Un dispositif pas forcément accessible à tous
François Hollande a annoncé le 20 janvier que "tous les volontaires", soit "entre 150 000 et 170 000 par an", pourraient faire leur service civique à l'horizon 2017. En 2014, "l'objectif de 35 000 services civiques a été atteint", assure l'Agence du service civique, et pour 2015 l'objectif est pour l'instant fixé à 45 000. Encore loin du compte. D'ailleurs selon François Chérèque, il y a "trois ou quatre" fois plus de demandes que de missions disponibles. Le président de l'Agence du service civique a prévenu que l'ambition présidentielle d'un service civique "universel" nécessiterait d'augmenter le budget à 600 millions d'euros, contre 170 millions d'euros pour 2015.
Sans aller jusqu'à la généralisation, les personnes interrogées plaident-elles aussi pour un dispositif plus accessible et mieux connu du grand public. Ils sont plusieurs à se souvenir qu'ils n'avaient jamais entendu parler du service civique avant de s'engager. "Pôle emploi devrait le conseiller plus fréquemment aux jeunes", propose Salim. "Il faut en parler dans les lycées, dans les facs", réclame Anouk, en service civique dans une webradio.

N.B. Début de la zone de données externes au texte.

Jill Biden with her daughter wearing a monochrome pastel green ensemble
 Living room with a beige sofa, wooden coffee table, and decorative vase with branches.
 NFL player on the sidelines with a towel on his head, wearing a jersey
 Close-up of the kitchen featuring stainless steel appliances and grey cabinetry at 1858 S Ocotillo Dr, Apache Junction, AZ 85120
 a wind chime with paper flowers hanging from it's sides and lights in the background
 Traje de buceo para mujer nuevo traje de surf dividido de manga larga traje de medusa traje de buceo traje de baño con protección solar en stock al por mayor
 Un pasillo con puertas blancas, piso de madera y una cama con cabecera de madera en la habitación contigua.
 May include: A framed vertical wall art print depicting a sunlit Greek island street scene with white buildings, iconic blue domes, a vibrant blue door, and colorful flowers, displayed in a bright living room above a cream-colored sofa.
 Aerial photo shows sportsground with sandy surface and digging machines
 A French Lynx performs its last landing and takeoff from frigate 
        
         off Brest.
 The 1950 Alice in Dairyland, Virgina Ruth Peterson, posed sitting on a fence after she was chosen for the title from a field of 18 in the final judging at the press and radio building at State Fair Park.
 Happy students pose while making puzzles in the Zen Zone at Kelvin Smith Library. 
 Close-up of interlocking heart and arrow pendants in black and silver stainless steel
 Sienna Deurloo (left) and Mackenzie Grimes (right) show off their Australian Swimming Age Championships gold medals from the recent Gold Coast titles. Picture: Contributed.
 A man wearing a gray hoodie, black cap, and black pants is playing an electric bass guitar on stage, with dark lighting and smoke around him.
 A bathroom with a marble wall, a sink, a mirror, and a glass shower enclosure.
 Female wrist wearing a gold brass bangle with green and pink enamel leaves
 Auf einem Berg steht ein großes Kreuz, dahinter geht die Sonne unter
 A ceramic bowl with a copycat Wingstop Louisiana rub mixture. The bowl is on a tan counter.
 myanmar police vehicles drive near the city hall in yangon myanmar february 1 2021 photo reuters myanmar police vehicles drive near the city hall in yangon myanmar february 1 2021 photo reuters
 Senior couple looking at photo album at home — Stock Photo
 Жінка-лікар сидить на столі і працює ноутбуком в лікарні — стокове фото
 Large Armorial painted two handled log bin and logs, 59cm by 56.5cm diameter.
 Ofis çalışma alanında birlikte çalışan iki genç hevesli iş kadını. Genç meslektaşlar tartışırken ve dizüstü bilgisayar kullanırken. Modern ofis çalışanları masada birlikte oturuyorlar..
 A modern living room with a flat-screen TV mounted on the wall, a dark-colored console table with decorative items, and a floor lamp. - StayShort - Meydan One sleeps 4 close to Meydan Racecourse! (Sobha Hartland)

"Cela nécessite plus de salariés, plus de moyens, plus de communication et plus d'aide pour les associations", ajoute Angèle, qui plaide pour une démocratisation du système : "Pour l'instant, cela vise surtout un public de bobos de gauche, on a complètement oublié les jeunes de banlieue." Elle est rejointe par Laurianne qui juge les institutions hypocrites : "En théorie, ça devrait permettre de mettre le pied à l'étrier à un public touché par le décrochage scolaire, mais dans les faits les missions proposées demandent pas mal de compétences et ne sont pas accessibles à tous."
Un service obligatoire, "je ne vois pas le but"
Plusieurs personnalités politiques réclament ces derniers jours un service civique obligatoire, de l'UMP Nathalie Kosciusko-Morizet au chef de file des députés socialistes Bruno Le Roux. Une fausse bonne idée pour l'ensemble des jeunes interrogés. Certains évoquent le manque de moyens, d'autres comme Axel craignent des abus : "Déjà qu'actuellement, certains se retrouvent sur des postes qui devraient être confiés à des salariés..." Tous jugent que le système perdrait de son sens en supprimant la base du volontariat.
"Je ne vois pas le but, ça va décrédibiliser le système, c'est vraiment le volontariat et l'engagement qui sont à la base de ce dispositif", s'énerve Emeline, en service civique dans une MJC (Maisons des jeunes et de la culture), au Mans (Sarthe). "Et puis, il faut avoir un minimum de motivation pour réaliser des projets et s’impliquer, sinon le jeune accueilli sera un boulet pour la structure", ajoute la jeune femme.
"Je n'ai pas l’impression que l'on m'ait inculqué des valeurs"
Plusieurs des interlocuteurs de francetv info pensent que les politiques se trompent en pensant que le service civique permette de transmettre des valeurs à la jeunesse. Certes, ils ont suivi un stage de formation civique et citoyenne et signé une "charte des valeurs" au début de leur engagement, mais aucun ne pense qu'il s'agit d'une solution aux possibles problèmes d'incivisme.
"On met un peu tout dans le même sac, je ne sais pas si ça a vraiment un lien, je n'ai pas l’impression que l'on m'ait inculqué des valeurs lors de mon service civique", témoigne Anouk. "Ils prennent le problème à l’envers, la transmission des valeurs de la République, elle doit se faire à l’école. Arrivé à l'heure du service civique c'est déjà trop tard", lâche Emeline. Le service civique est un bon dispositif, selon eux, mais ne permet pas de régler tous les problèmes.